Richard J. Ronk, who served as director of the U.S. Food and Drug Administration’s Center for Food Safety and Applied Nutrition under the Clinton administration, died December 18 at his home in Fairfax County, Virgina, the Washington Post reported Saturday.

Ronk worked for the FDA for nearly four decades, first at a laboratory in Kansas City, MO and then at agency headquarters, beginning in the late 1960s, according to The Post. “He helped develop the FDA’s guidelines for recalling and seizing contaminated food products in interstate commerce.”

In his oral history interview, Ronk said he enjoyed his tenure at FDA. “I’ve had a wonderful career in Food and Drug, and it went, I think, far beyond anything that I deserve from my background and my own abilities. But I just can’t say enough about the people that I worked with at Food and Drug,” he said in his 1995 exit interview.
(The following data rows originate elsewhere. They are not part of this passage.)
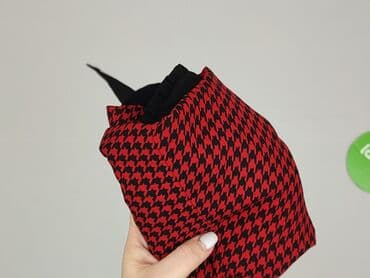 czerwona koszula damska reserved: Reserved, Bluzka damska, rozmiar S — 6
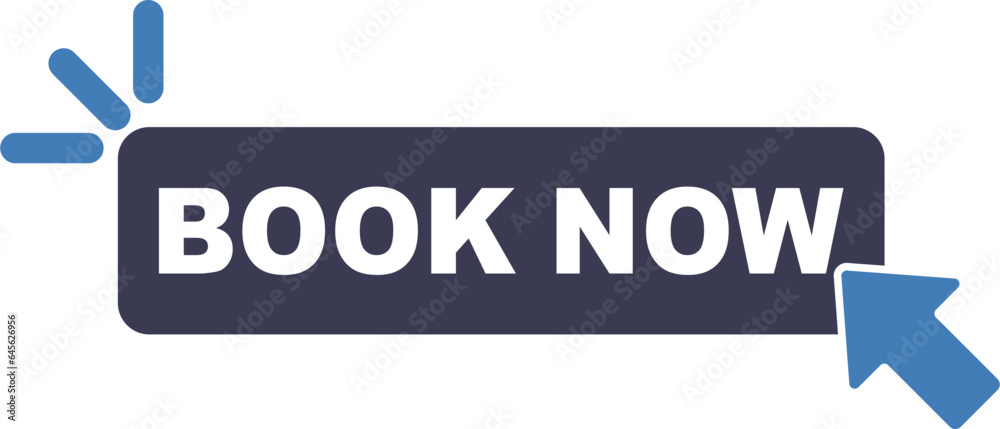Book Now Book Now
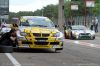 Filename=pitlane_04~7.JPG
Filesize=309KiB
Dimensions=1024x683
Date added=Jun 14, 2013 pitlane_04~7.JPG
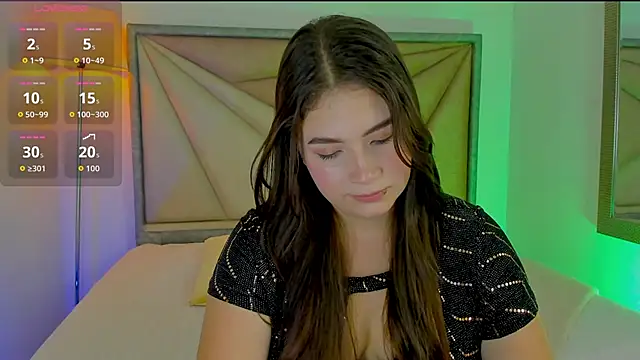 KarenPautt online show from 03.25.26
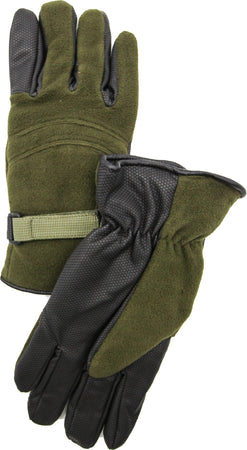 Guanti Tattici Elle Enne Guanti Outdoor Uomo Finger Completa Militari Guanti Tattici Antiscivolo Indossare Guanti Resistenti Invernali Sport e tempo libero/Attività ricreative all'aperto/Abbigliamento/Uomo/Guanti Liquidator Italia - Nicosia, Commerciovirtuoso.it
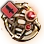 Marsh's Artifact - Melee AP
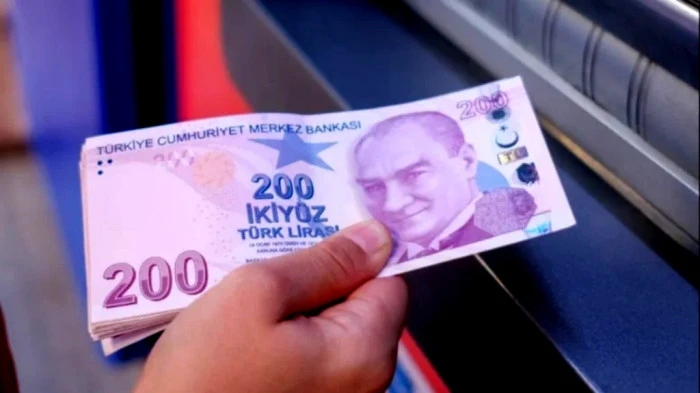 EMEKLİNİN BAYRAM İKRAMİYE MİKTARI BELLİ OLDU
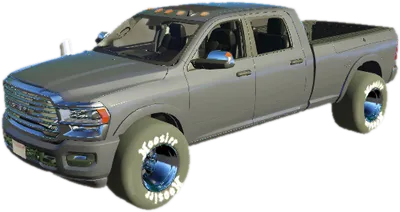 Transparent PNG of the GTA V vehicle bjddrag5g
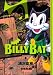 BILLY　BAT（4） (モーニング　KC)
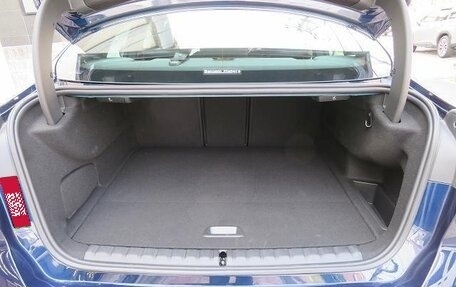 BMW 2 серия, 2025 год, 3 100 000 рублей, 28 фотография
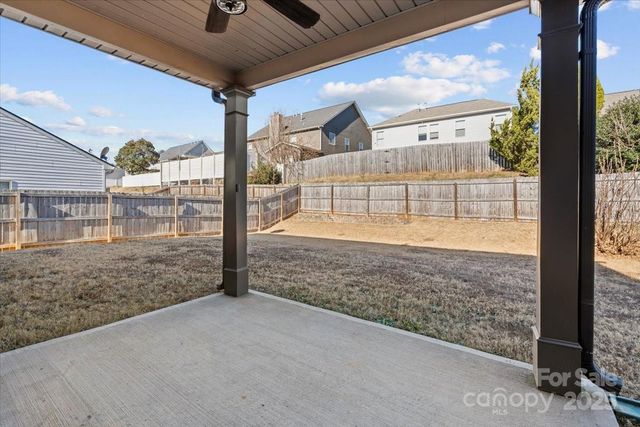 866 Wild Orchard Lane, Woodruff, SC 29388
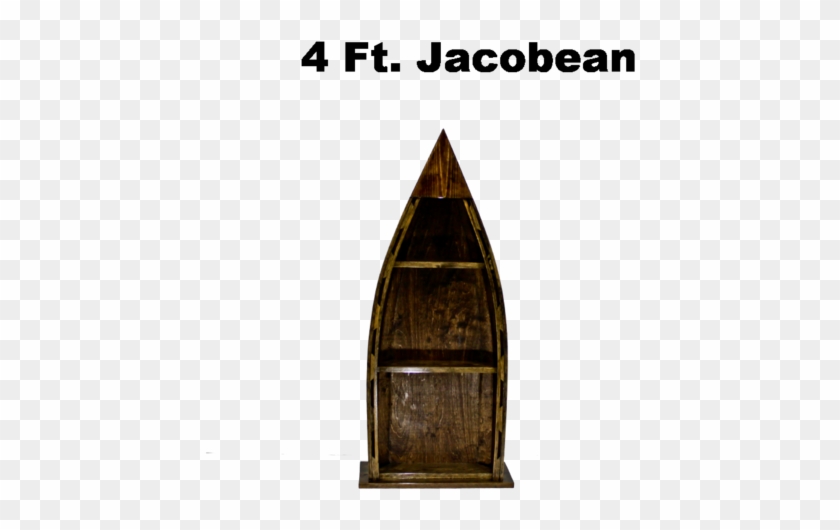 Honda Sp Japan Clipart #2092221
After retiring from FDA in 1994, Ronk served as an international food safety advisor to the Department of Agriculture’s Foreign Agricultural Service.

According to the post, Ronk’s death was caused by diabetes complications. He is survived by his wife of 51 years, Mary Dolan Ronk of Fairfax; three children, Theresa Ronk of Sterling, Jane Arrington of Greensboro, North Carolina., and Paul Ronk of Fairfax; and two grandsons.